__Your assignment__. In the records below, find the line with "AGL Women's‎ Patent" and repeat it and every line after it, exactly, without any pictures.

---- Records

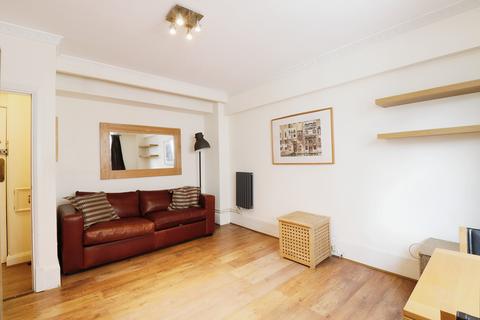 Studio to rent, Sloane Avenue Mansions, London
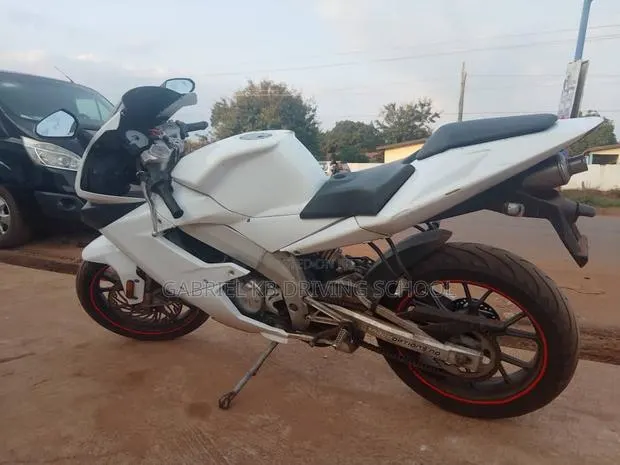 Motorcycle 2006 White · Photo 1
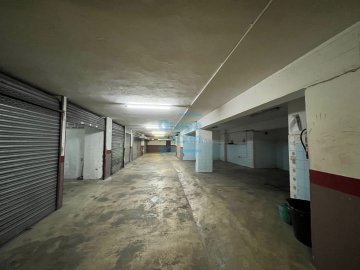 Foto 4 de Antiguo. Zona baja de Pío Baroja. Garaje cerrado.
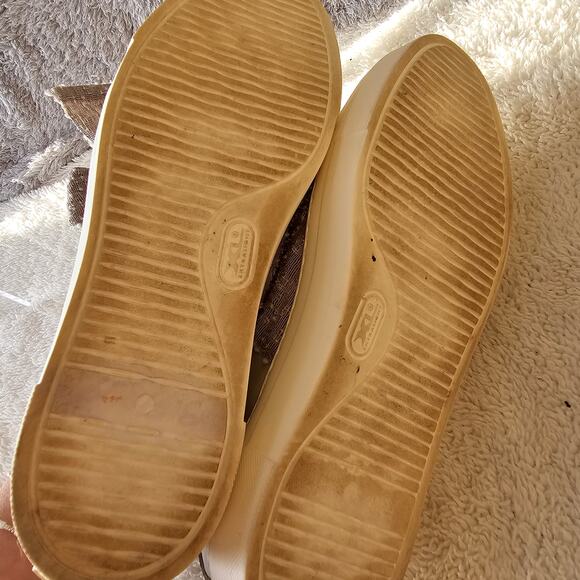 AGL Women's‎ Patent Leather Oversized Bow Platform Slip On Sneakers Size 8 39 - Picture 8 of 8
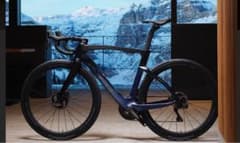 ピナレロ2022 DOGMA F レアカラーのサムネイル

--------

__Reply__.
 AGL Women's‎ Patent Leather Oversized Bow Platform Slip On Sneakers Size 8 39 - Picture 8 of 8
 ピナレロ2022 DOGMA F レアカラーのサムネイル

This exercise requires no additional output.